The Art of Science Communication
Since 2009, I have been teaching class on film-making about climate change. I am passionate about engaging students in science and climate change is one of the most accessible and pressing scientific topics of our time. This class is cross-listed under the Technology and Media (TAM) program and two CU schools: Arts and Sciences, EBIO and College of Media, Communication and Information. To watch our student films, please go here.
From the syllabus:
A goal of this class is to invite you on a personal journey. We want to provide the opportunity for you to think critically AND emotionally about a pressing environmental, political, and social issue. Climate change is part of a larger discussion related to sustainability and is a pressing and pervasive issue from economic, political and environmental perspectives. We want you to leave our class conversant about your views on this issue. Where do you stand? What should be done? We welcome ALL views on climate change with the exception of apathy or no opinion. By the end of this class, you MUST leave with an opinion, one that you have thought about critically, one that you can defend, and one that you can express in front of several audiences, in writing and on film.

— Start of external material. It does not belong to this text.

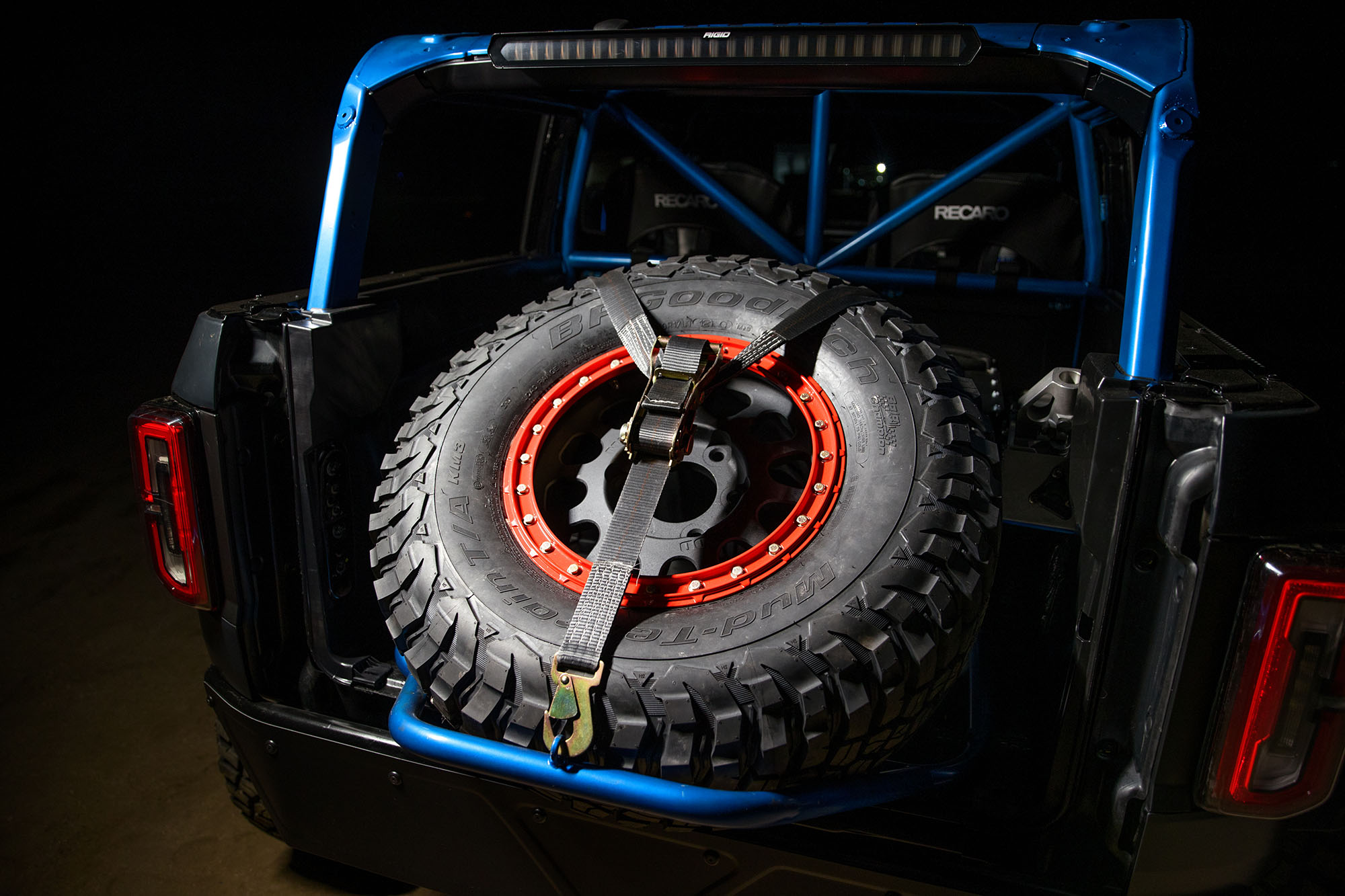A beadlock wheel in the back of a 2021 Ford Bronco 4600 race vehicle
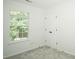 Bright bedroom featuring a window with blinds and a double-door closet at 12520 Vantage Point Ln, Huntersville, NC 28078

The task at hand is interdisciplinary and thus we draw on the tools of story-telling, film-making, effective communication, and art in various forms. Your own personal experience is critical and something to learn how to incorporate into your narrative: what is the starting point in your journey? What defines your views? What do you want to communicate with others? Who is your target audience and why? We will help you define answers to these questions through in-class discussion, bringing in world-class leaders in the science of climate change, science writing and the performance arts, and one-on-one dialog through weekly journal assignments.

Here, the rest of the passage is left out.